Web page caption snippets
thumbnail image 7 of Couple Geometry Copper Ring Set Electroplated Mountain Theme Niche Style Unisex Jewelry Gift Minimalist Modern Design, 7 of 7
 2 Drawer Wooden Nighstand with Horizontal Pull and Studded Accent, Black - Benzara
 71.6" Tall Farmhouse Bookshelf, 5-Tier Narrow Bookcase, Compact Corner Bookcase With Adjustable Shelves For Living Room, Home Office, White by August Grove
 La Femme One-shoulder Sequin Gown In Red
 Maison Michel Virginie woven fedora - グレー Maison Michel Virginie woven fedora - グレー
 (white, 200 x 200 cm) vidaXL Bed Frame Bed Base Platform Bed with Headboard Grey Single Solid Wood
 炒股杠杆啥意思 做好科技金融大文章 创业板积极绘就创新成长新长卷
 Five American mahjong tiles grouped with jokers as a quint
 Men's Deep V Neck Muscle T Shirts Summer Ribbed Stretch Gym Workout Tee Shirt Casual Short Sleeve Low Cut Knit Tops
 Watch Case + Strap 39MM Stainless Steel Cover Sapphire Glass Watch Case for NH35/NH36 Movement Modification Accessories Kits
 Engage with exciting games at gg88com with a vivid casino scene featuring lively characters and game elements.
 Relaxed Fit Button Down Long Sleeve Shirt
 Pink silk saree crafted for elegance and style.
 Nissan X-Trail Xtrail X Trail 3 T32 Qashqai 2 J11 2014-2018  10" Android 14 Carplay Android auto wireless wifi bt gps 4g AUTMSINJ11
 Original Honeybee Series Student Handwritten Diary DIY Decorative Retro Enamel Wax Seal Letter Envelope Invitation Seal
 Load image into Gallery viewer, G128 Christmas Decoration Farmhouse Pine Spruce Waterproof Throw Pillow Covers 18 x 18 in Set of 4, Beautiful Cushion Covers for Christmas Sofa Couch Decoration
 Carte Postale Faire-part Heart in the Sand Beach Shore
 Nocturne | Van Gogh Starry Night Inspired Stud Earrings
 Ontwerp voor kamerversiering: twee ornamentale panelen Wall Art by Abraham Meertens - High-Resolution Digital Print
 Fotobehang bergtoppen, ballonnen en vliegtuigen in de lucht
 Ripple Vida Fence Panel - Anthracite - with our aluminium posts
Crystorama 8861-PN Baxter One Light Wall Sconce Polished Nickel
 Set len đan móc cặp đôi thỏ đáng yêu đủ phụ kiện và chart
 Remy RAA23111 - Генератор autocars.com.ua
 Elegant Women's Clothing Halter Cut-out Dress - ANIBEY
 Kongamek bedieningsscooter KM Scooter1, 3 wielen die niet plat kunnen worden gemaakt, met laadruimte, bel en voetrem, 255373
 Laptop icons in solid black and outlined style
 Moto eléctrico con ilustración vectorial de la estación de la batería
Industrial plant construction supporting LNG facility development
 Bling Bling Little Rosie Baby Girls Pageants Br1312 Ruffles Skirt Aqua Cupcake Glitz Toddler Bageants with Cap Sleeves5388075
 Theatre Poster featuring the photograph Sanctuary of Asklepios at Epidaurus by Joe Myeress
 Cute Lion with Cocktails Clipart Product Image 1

- Task directions
Among the records, find every line with the word "Farmhouse" and copy it.

- Result of the task
 71.6" Tall Farmhouse Bookshelf, 5-Tier Narrow Bookcase, Compact Corner Bookcase With Adjustable Shelves For Living Room, Home Office, White by August Grove
 Load image into Gallery viewer, G128 Christmas Decoration Farmhouse Pine Spruce Waterproof Throw Pillow Covers 18 x 18 in Set of 4, Beautiful Cushion Covers for Christmas Sofa Couch Decoration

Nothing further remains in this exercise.